● Working data:
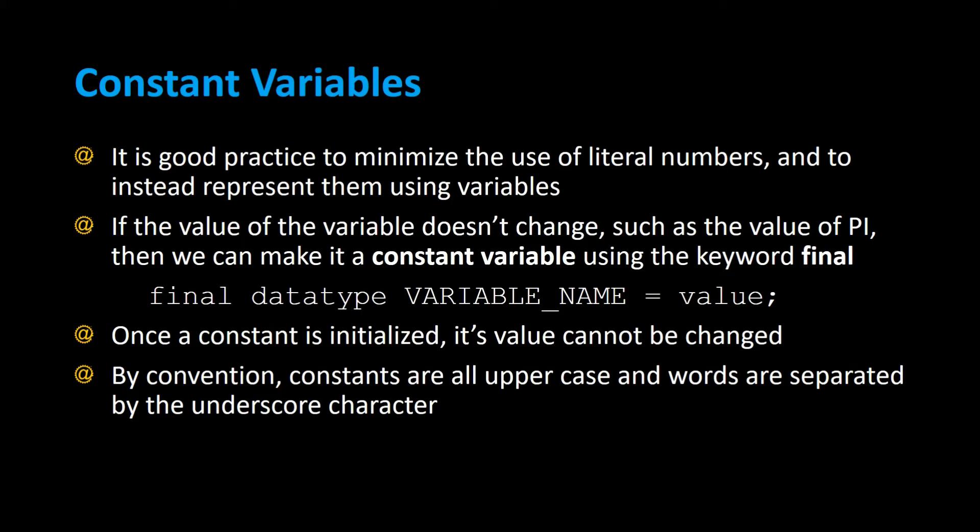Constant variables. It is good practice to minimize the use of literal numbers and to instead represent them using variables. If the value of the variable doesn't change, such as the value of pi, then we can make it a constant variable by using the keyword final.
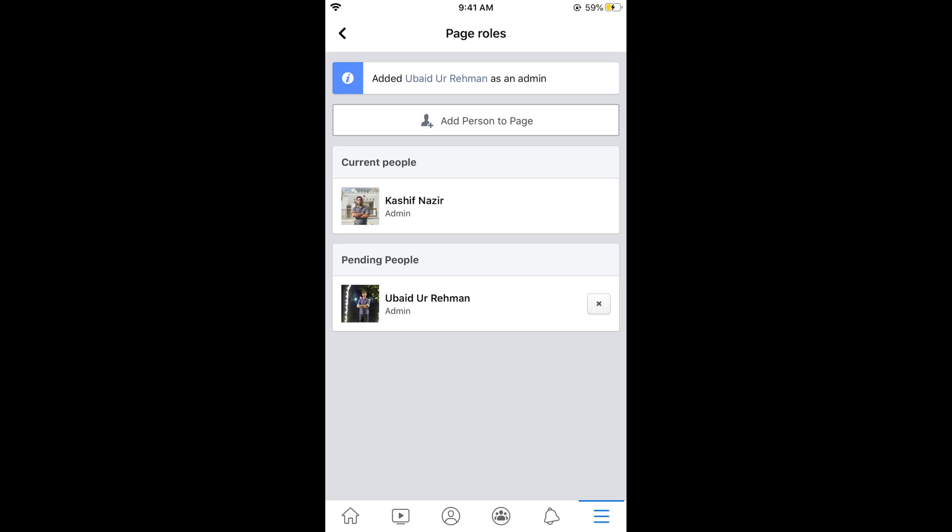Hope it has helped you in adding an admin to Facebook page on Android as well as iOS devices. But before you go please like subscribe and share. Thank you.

---

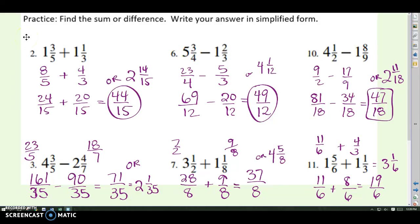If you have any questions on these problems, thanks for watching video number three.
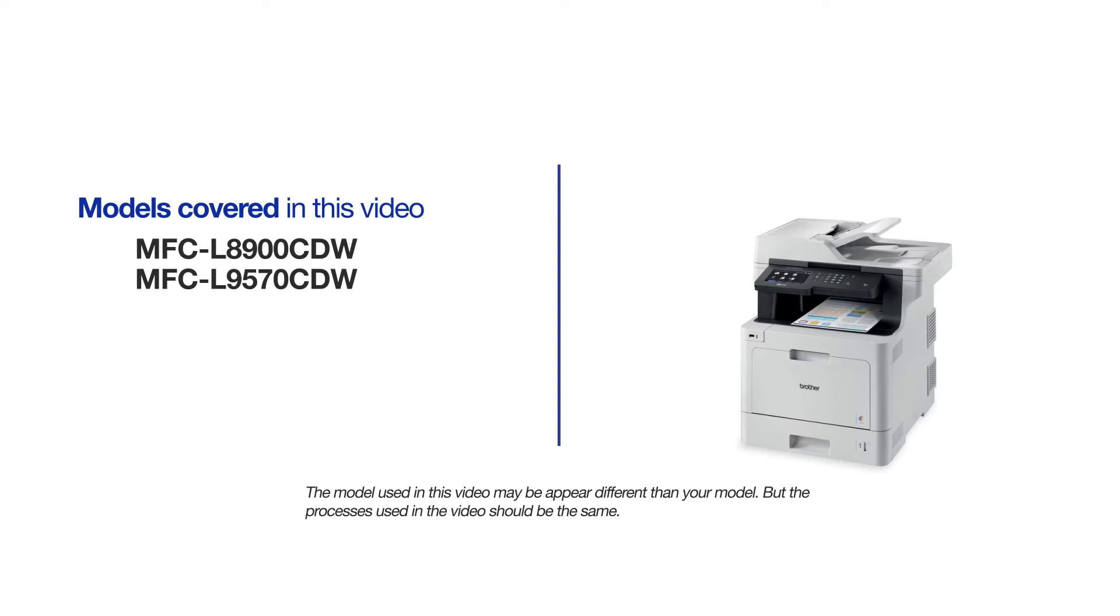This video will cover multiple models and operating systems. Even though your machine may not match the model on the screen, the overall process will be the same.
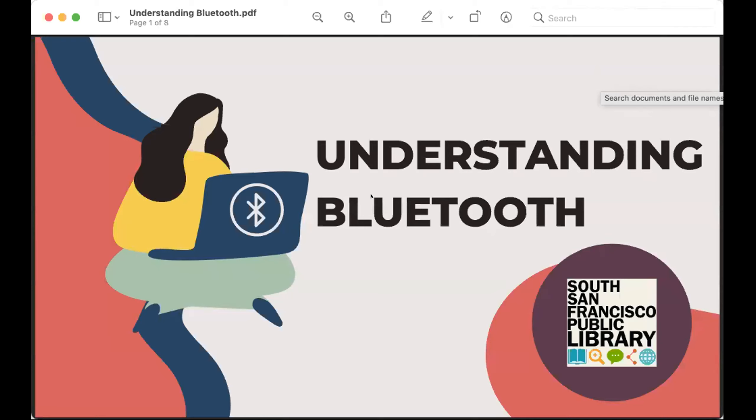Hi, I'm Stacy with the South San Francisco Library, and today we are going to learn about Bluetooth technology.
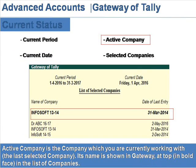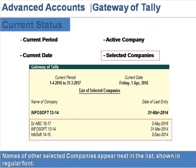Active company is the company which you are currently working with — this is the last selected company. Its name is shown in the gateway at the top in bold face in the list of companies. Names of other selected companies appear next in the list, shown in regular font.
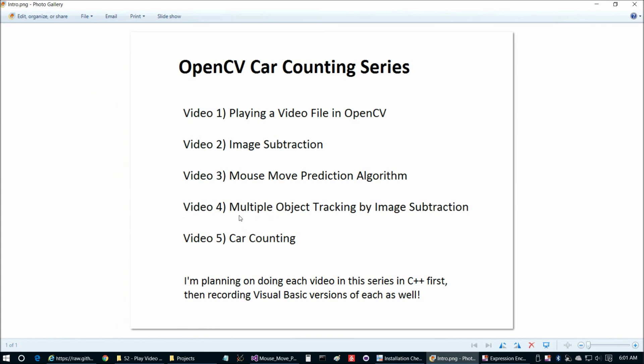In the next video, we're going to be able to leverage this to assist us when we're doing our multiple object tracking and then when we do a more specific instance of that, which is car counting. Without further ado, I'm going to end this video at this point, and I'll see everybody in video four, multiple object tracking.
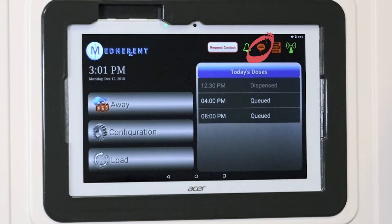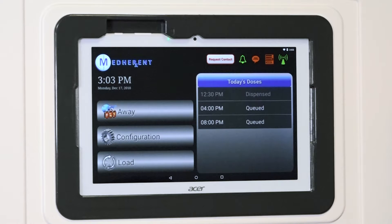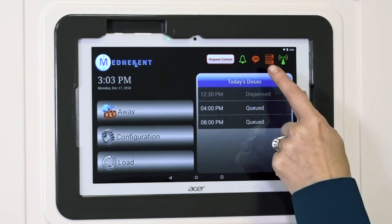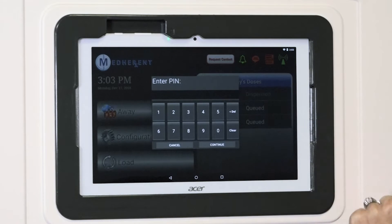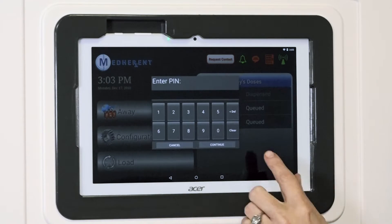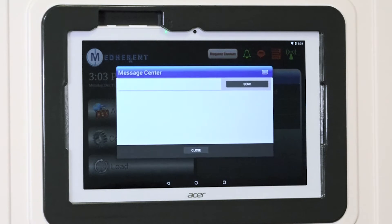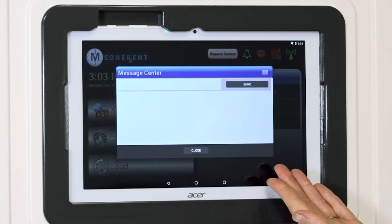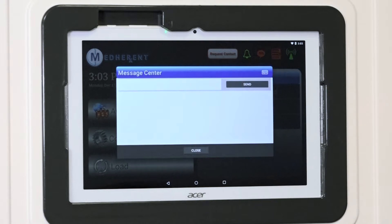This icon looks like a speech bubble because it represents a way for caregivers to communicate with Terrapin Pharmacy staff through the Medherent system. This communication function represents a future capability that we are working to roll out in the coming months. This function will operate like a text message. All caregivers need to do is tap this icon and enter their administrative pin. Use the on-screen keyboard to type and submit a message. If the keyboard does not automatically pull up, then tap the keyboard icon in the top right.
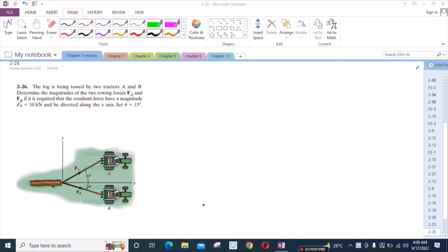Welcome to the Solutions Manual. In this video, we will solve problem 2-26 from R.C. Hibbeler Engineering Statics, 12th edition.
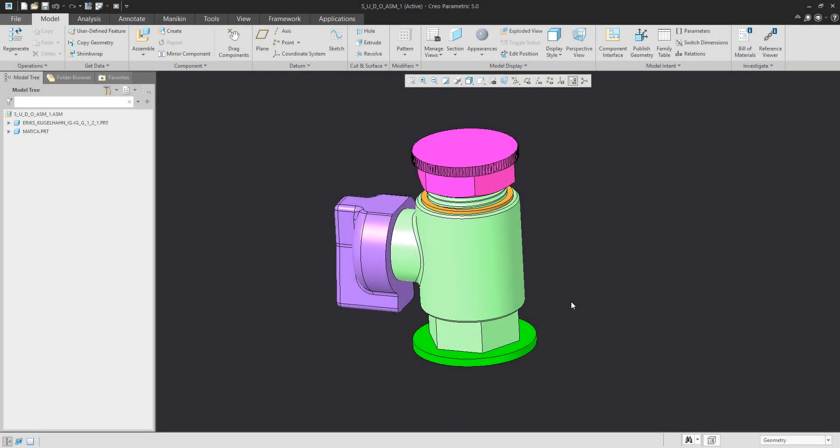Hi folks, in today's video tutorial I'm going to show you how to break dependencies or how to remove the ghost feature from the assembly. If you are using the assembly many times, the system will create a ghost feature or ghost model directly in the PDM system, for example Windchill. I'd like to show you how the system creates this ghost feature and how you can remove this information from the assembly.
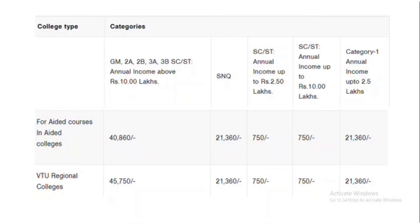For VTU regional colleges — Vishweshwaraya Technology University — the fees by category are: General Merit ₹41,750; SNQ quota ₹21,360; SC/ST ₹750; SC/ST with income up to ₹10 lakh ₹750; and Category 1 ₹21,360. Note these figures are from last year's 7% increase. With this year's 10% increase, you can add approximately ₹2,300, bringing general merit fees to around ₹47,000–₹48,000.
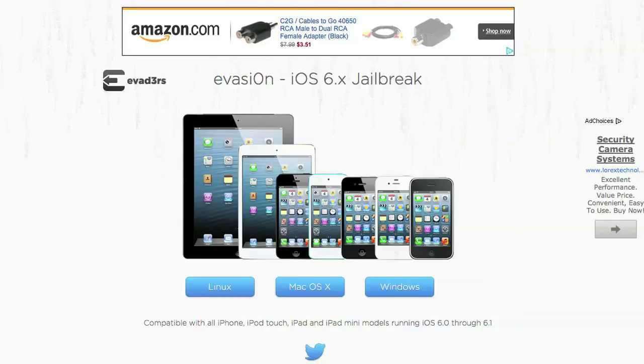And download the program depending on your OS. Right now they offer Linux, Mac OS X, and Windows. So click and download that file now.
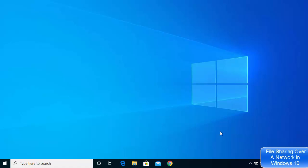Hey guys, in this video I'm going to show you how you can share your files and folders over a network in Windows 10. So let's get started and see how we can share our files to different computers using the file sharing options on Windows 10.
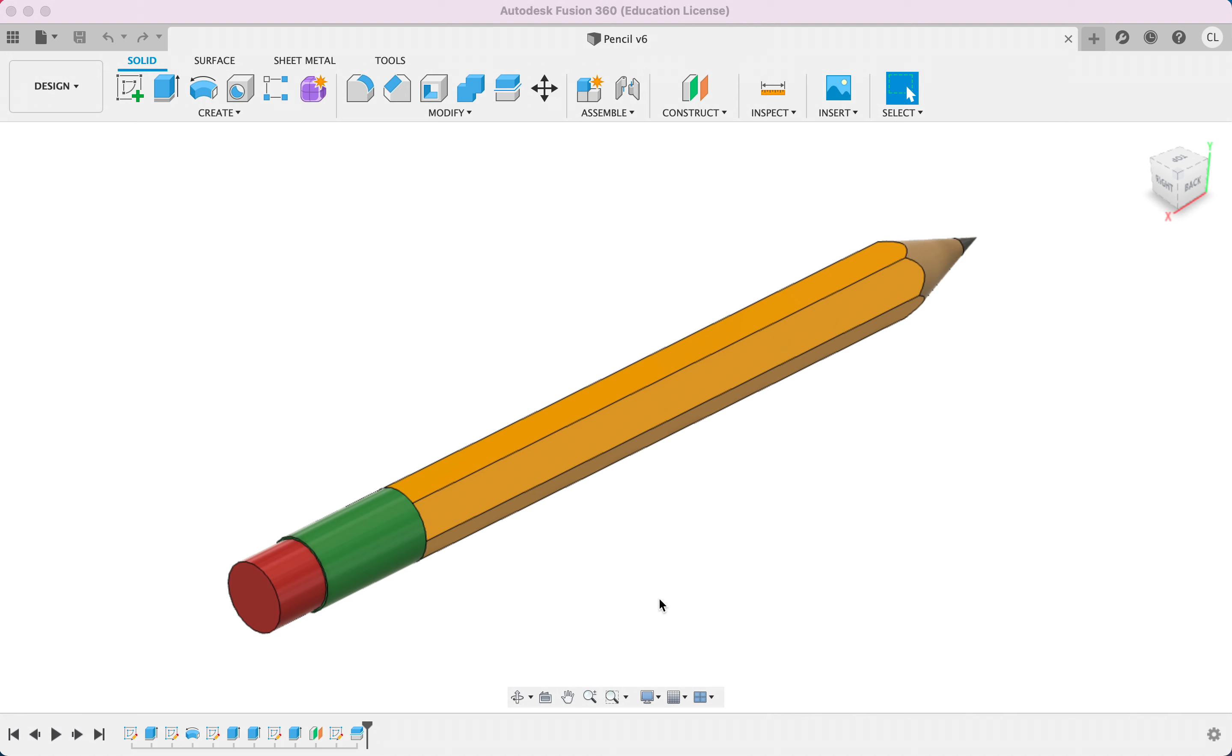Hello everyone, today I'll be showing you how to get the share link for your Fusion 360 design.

---

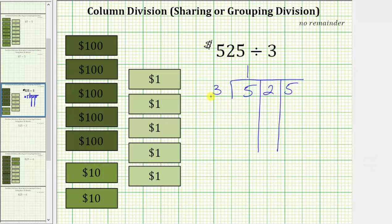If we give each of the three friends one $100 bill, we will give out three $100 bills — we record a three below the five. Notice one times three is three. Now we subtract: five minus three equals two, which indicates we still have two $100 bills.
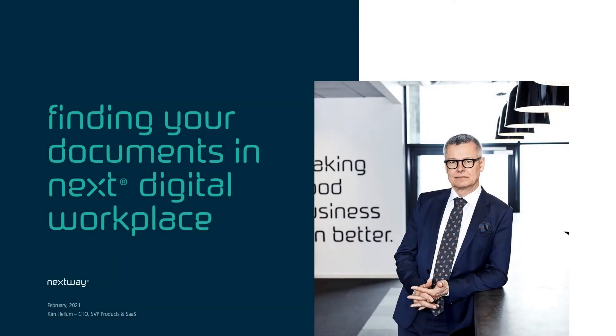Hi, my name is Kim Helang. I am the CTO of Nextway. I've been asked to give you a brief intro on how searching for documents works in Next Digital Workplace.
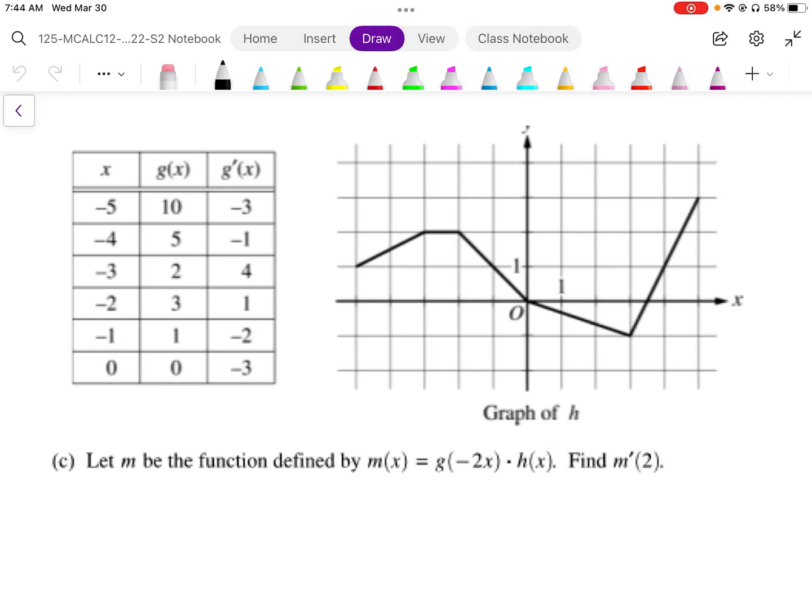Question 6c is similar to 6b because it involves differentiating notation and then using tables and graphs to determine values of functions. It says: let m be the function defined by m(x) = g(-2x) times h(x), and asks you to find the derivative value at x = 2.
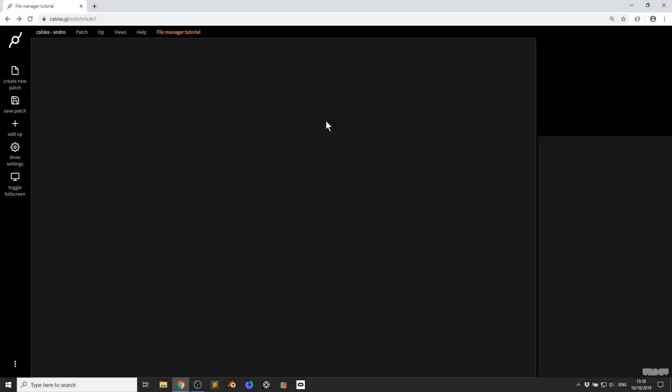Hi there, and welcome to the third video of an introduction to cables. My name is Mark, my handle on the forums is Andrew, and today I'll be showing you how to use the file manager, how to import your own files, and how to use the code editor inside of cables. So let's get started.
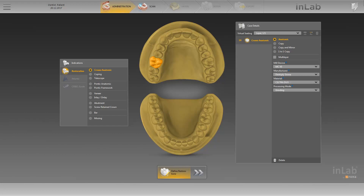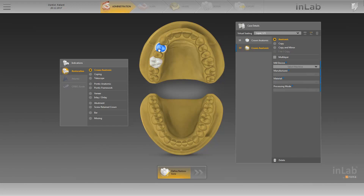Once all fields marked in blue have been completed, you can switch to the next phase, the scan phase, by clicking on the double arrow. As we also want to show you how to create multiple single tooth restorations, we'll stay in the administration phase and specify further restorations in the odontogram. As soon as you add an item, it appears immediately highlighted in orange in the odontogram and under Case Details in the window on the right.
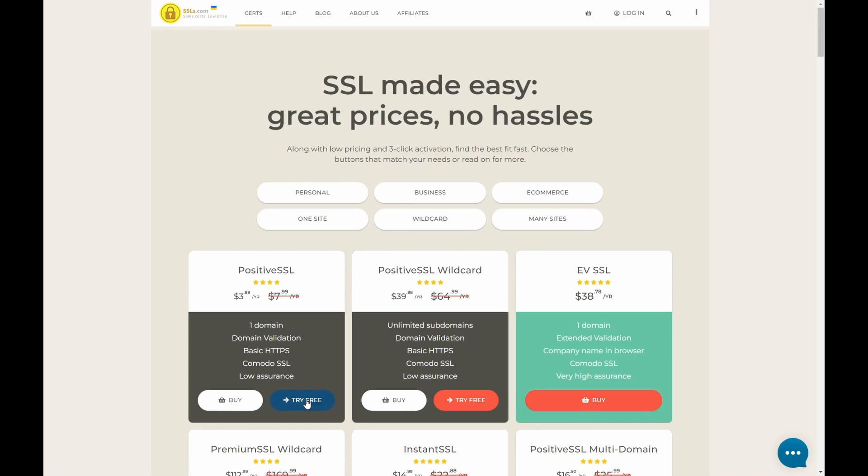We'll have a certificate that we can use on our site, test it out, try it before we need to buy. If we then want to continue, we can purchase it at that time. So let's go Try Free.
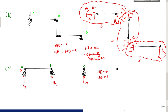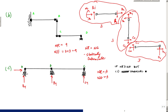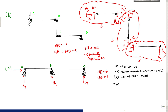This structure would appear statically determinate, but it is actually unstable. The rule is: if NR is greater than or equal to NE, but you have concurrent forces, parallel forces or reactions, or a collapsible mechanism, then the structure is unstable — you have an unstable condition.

● Aim of the task: Reproduce the entries exactly, from the line with "This icon looks" to the line with "Hi folks, in", both lines included, keeping no pictures.

● Solution for this task:
This icon looks like a speech bubble because it represents a way for caregivers to communicate with Terrapin Pharmacy staff through the Medherent system. This communication function represents a future capability that we are working to roll out in the coming months. This function will operate like a text message. All caregivers need to do is tap this icon and enter their administrative pin. Use the on-screen keyboard to type and submit a message. If the keyboard does not automatically pull up, then tap the keyboard icon in the top right.
Welcome to the Solutions Manual. In this video, we will solve problem 2-26 from R.C. Hibbeler Engineering Statics, 12th edition.
Hi folks, in today's video tutorial I'm going to show you how to break dependencies or how to remove the ghost feature from the assembly. If you are using the assembly many times, the system will create a ghost feature or ghost model directly in the PDM system, for example Windchill. I'd like to show you how the system creates this ghost feature and how you can remove this information from the assembly.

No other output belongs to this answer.